Rethinking about the following example of yours. Do we need to consider
the asymmetric paths between A and B ? I guess, the problem can be seen
with even symmetric path. Let say the network is like
 
A <--- 1gig ---> C <--- 56 kbps --> D <--- 1 gig ---> B
 
Now A starts sending some packets and B generates ICMPv6 error
messages. If B is using bandwidth-based function for limiting the rate,
it would calculate the percentage using 1 gig link's bandwidth and will
overload the thin link between C & D.
 
Am I missing something ?
 
Regards
Mukesh
-----Original Message-----
From: ext Fred Templin [mailto:[EMAIL PROTECTED]
Sent: Wednesday, January 07, 2004 5:32 AM
To: Margaret Wasserman; Gupta Mukesh (Nokia-NET/MtView)
Cc: [EMAIL PROTECTED]
Subject: Re: draft-ietf-ipngwg-icmp-v3-02.txt: Rate Limiting Methods

Margaret,
 
On further consideration, I think the bandwidth-based method might actually
be dangerous in some situations. Suppose there were asymmetric paths
between nodes A and B; the path A->B consisting of all 1Gbps links and
the path B->A consisting of at least one long, thin link (56Kb modem, 3GPP
wireless, etc.) Even if B is able to authenticate the source addresses in
packets it receives from A, if the bandwidth-based method is used based
on a percentage of the bandwith of B's outgoing 1Gbps interface the queue
on a router at the head of a long thin link on the path B->A will overflow.

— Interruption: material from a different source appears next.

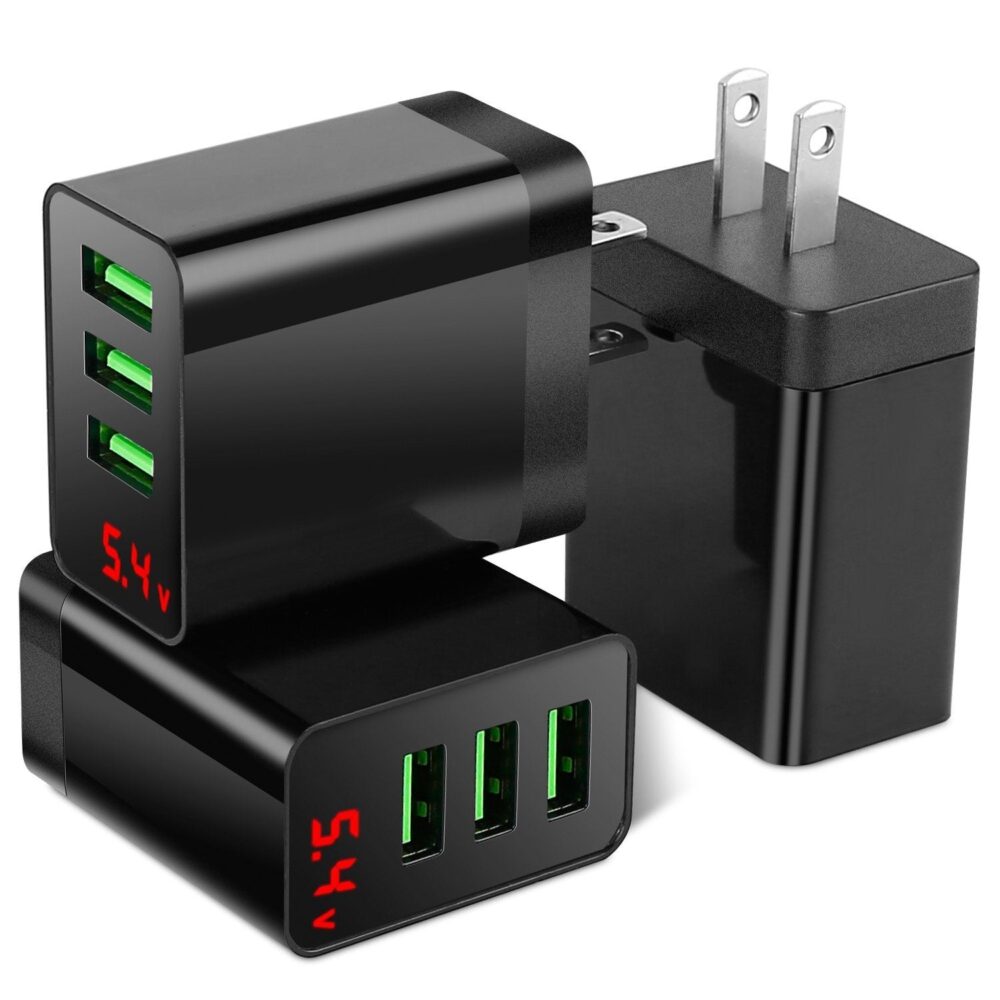 3-Pack: 3-Port USB Wall Charger - Image 4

In
other words, B might cause harmful denial-of-service if it blindly uses a
bandwidth-based estimate, since it has no way of knowing whether long,
thin links will occur on the return path.
 
As to timer-based, I think Mukesh has already given a good reason as to
why it is suboptimal; I think an arguement could also be constructed that
shows it to cause interoperability problems in some cases. So, I find
myself in the rare position of agreeing with Pekka on this subject.